久保建英、古橋亨梧、旗手怜央...欧州組が次々とゴール。日本代表よりクラブでのほうがいいのはなぜか

  • 小宮良之●文 text by Komiya Yoshiyuki
  • 中島大介●撮影 photo by Nakashima Daisuke

 9月の欧州遠征の2試合(アメリカ、エクアドル戦)を戦った日本代表の欧州組は、すでに所属クラブに戻ってプレーしている。

 鎌田大地(フランクフルト)はボランチで新境地を見出し、その類まれなサッカーセンスが完全開花しつつある。オリバー・グラスナー監督が、さまざまな選手を組み合わせ、攻撃的才能を引き出す手腕に長けているのも一因だろう。ゴールに近い中央で最大限に力を発揮する選手だが、レアル・マドリードのクロアチア代表ルカ・モドリッチのように、2列目、3列目でプレーリズム、選択を変えられるサッカーIQの高さは出色だ。

 伊東純也(ランス)も、ヨハン・クライフの薫陶を受けた「スペクタクル派」オスカル・ガルシア監督のもと、よりストライカー色の強い選手として目覚めつつある。トロワ戦では右サイドですばらしいアシストをし、ファーポストに入って得点まで決めた。直後、ラフなタックルで退場を宣告され、チームを窮地に追い込んだのはケチがついたが......。

 守田英正(スポルティング・リスボン)も、ルベン・アモリム監督の攻撃戦術で著しい成長を見せている。受け身のコンタクトプレーになると弱さは出るが、ボールを握る、もしくは握ろうとするチームにあって、そのテクニックやビジョンは欠かせない。ジウ・ヴィセンテ戦では高い位置にポジションを取って抜け目なくゴールを記録し、2点目も裏へのパスを引き出し、キープした後に絶妙なヒールでアシストするなど、プレーの幅が広がりつつある。

 堂安律(フライブルク)もマインツ戦に先発出場し、チームの2位浮上に貢献している。監督12年目になる名将クリスティアン・シュトライヒが作ったコレクティブなチームで、触発されるように攻撃センスをいかんなく発揮。一方でディフェンス面のタスクも安定し、今や「コンプリートな左利きアタッカー」に変貌を遂げつつある。
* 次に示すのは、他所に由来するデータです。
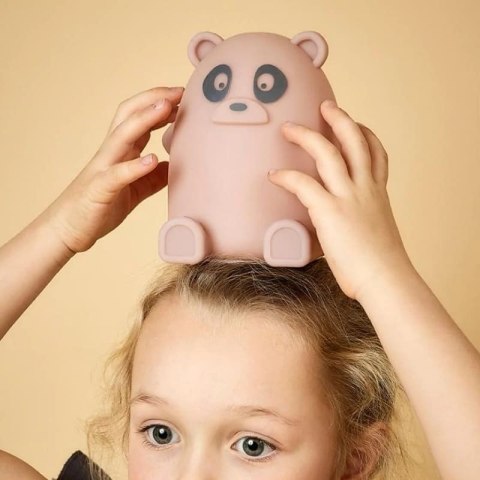 Nuuroo silikonowa lampka nocna bezprzewodowa PANDA Woodrose Nuuroo silikonowa lampka nocna bezprzewodowa PANDA Woodrose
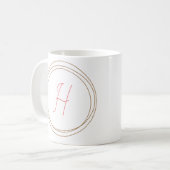 Lettre monogramme "H" Mug (Devant gauche)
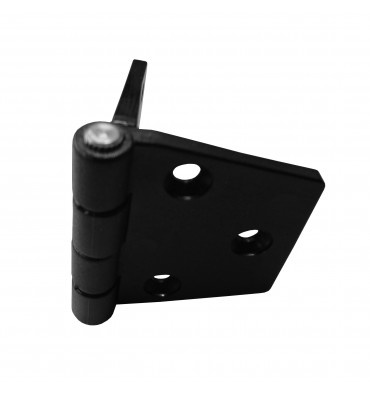 Marine Hochleistungs Scharnier schwarz 95 x 60 x 4.5mm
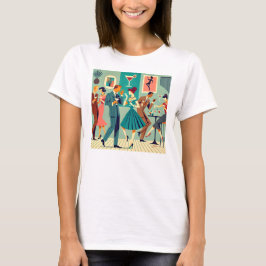 Mid Century Modern Party De Martini Dans T-shirt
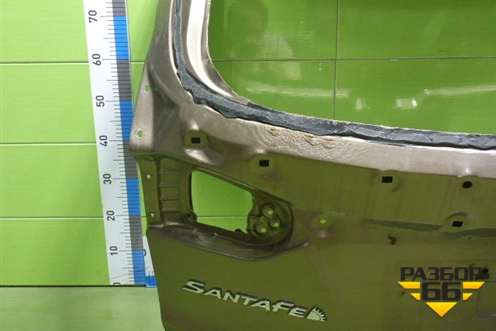 Дверь багажника без стекла (737002W020) для Hyundai Santa Fe с 2012г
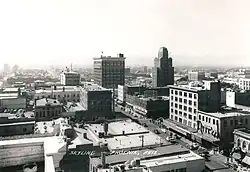 Photo of the skyline of downtown Phoenix circa 1940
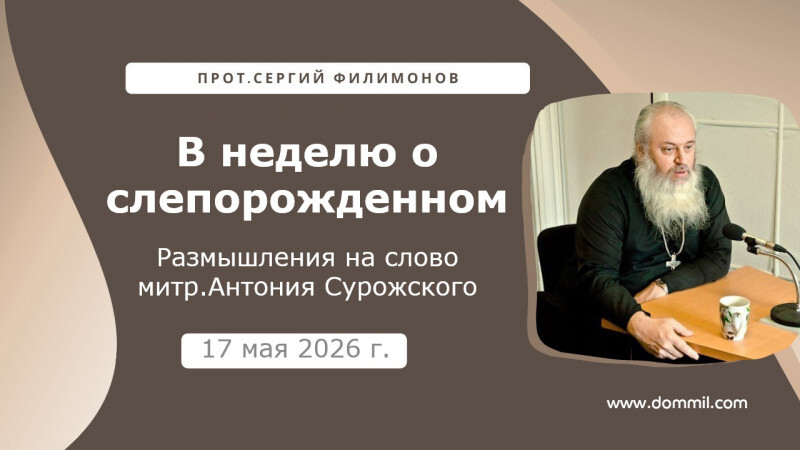 17 мая 2026 г. В неделю о слепорожденном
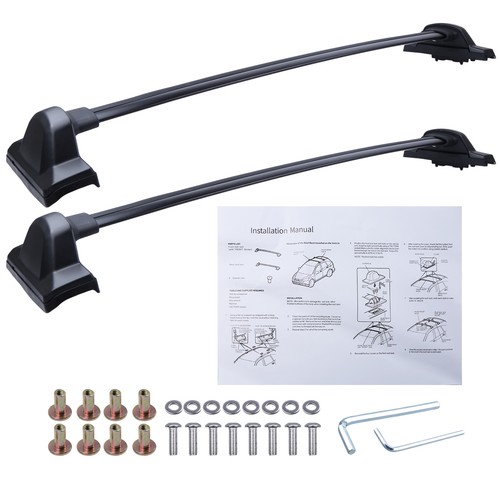Black roof cross bars - black,
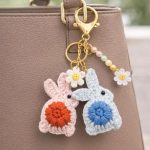 Crochet Bunny Plush Keychain: Amigurumi Bag Charm - Image 5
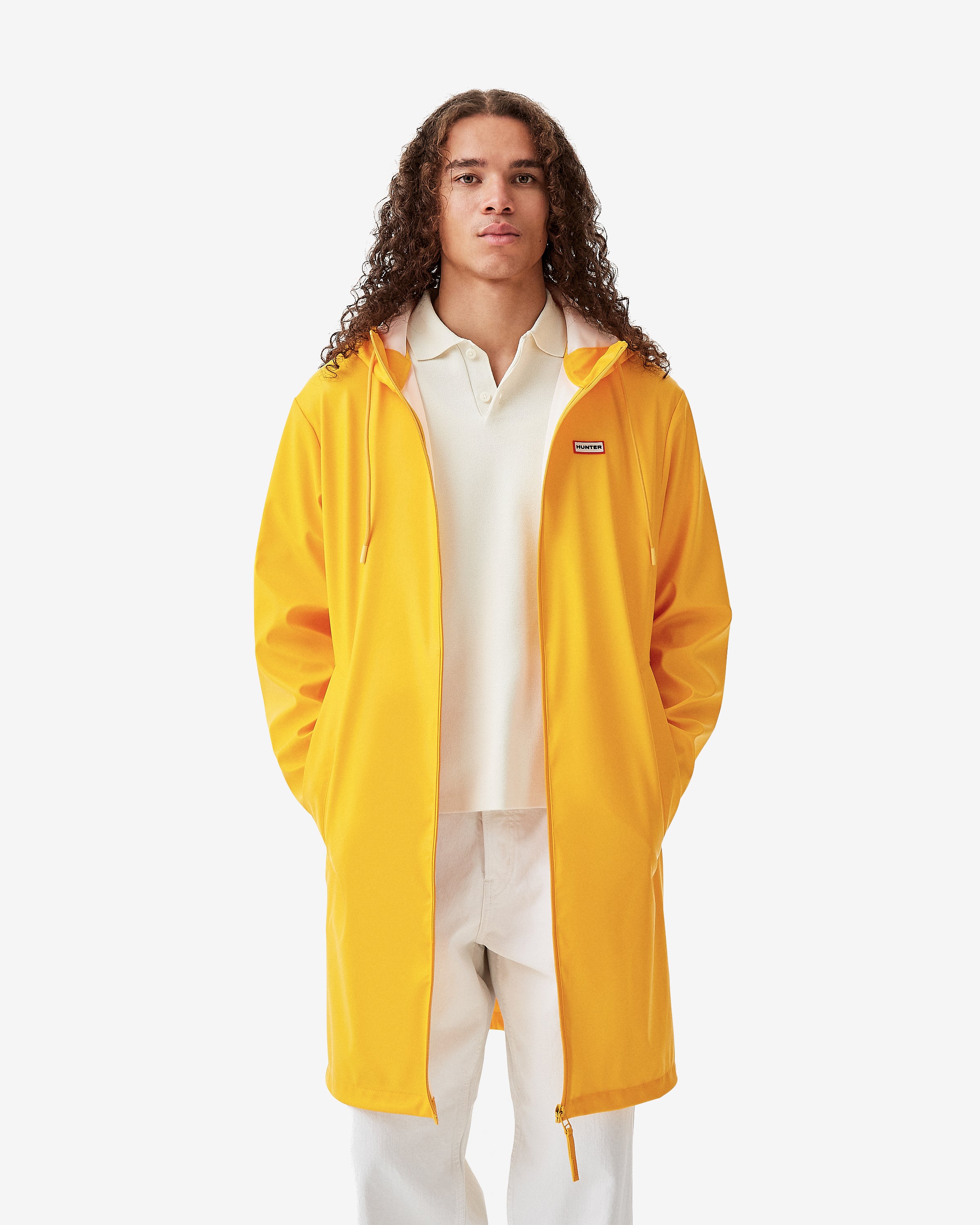 HUNTER◆ANDREA UNISEX◆レインジャケット Hunter Boots Unisex Downpour Andrea Rain Coat Gold Fusion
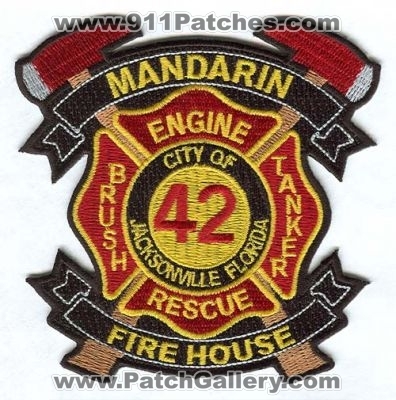 Jacksonville Fire and Rescue Department Station 42 (Florida)
Scan By: PatchGallery.com
Keywords: jfrd & dept. mandarin firehouse engine brush tanker company city of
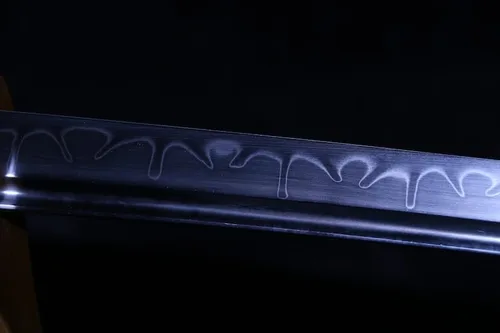 Vista 6 de SHZBZB Katana - Espada samurái hecha a mano, 41 pulgadas, arcilla de acero T10, templada, espada samurái de espiga completa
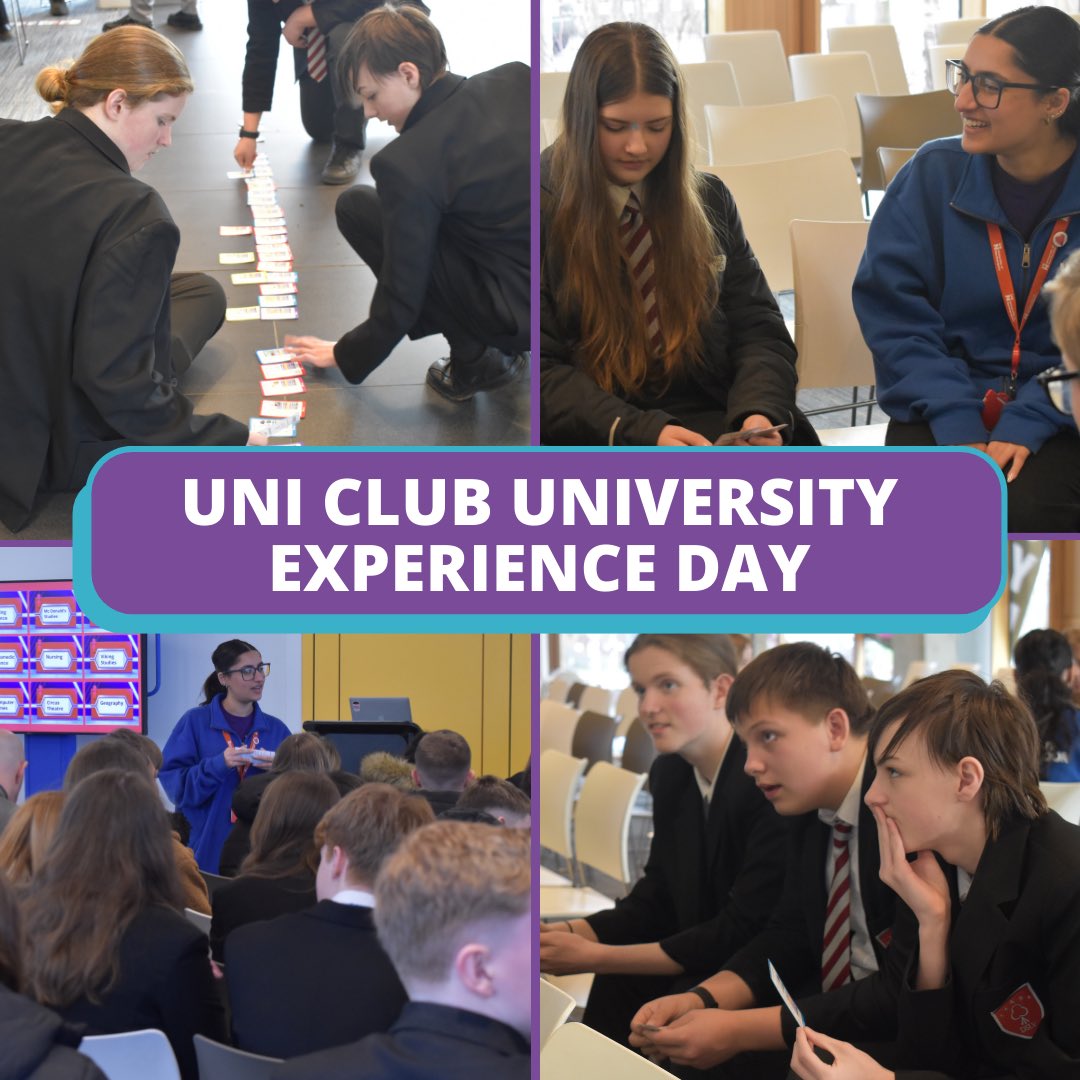 Schools Engagement Team (@uonschools) on Twitter photo ⚡️UNI Club University Experience Day⚡️
On 20th January 2025, we had the pleasure of welcoming students from <a href="/DSLVNews/">DSLV</a>, <a href="/KingswoodAcad/">Kingswood Secondary Academy</a>, <a href="/NIA_Northampton/">Northampton International Academy</a> and <a href="/WeaversAcademy/">Weavers Academy</a> to <a href="/UniNorthants/">UniofNorthampton</a> Waterside Campus!
The University of Northampton Inspires (UNI) Club brings our amazing ⚡️UNI Club University Experience Day⚡️
On 20th January 2025, we had the pleasure of welcoming students from <a href="/DSLVNews/">DSLV</a>, <a href="/KingswoodAcad/">Kingswood Secondary Academy</a>, <a href="/NIA_Northampton/">Northampton International Academy</a> and <a href="/WeaversAcademy/">Weavers Academy</a> to <a href="/UniNorthants/">UniofNorthampton</a> Waterside Campus!
The University of Northampton Inspires (UNI) Club brings our amazing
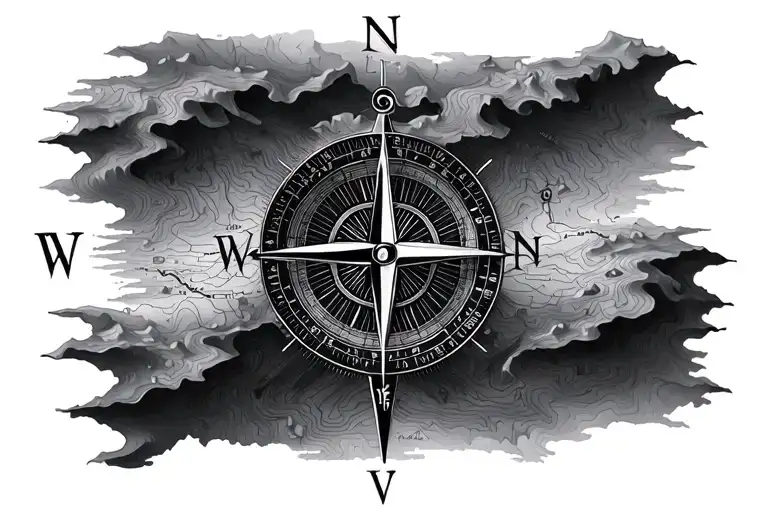 Topographic Map And Compass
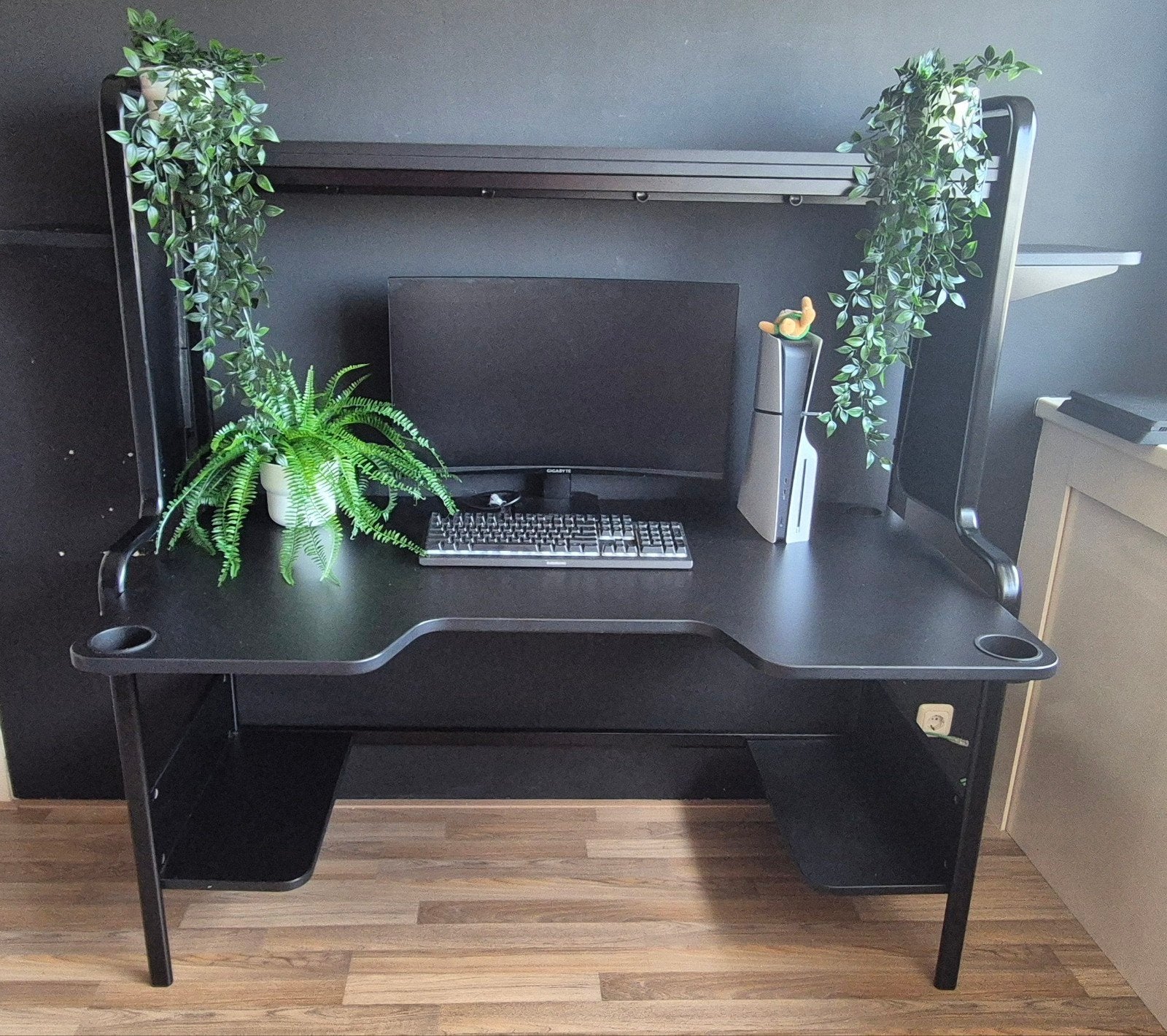IKEA FREDDE Gamingbureau met LED-strip, Ophalen, Gebruikt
 また、セルティックの古橋亨梧と旗手怜央も、マザーウェル戦で力の差を見せつけた。古橋は数多くあったチャンスを少し外しすぎたとも言えるが、国内リーグ7得点目を記録。旗手はチャンピオンズリーグのシャフタール・ドネツク戦(記録はオウンゴール)に続くゴールで、これが決勝点になっている。アンジェ・ポステコグルー監督の"前輪駆動"の戦術において、欠かせないふたりになっている。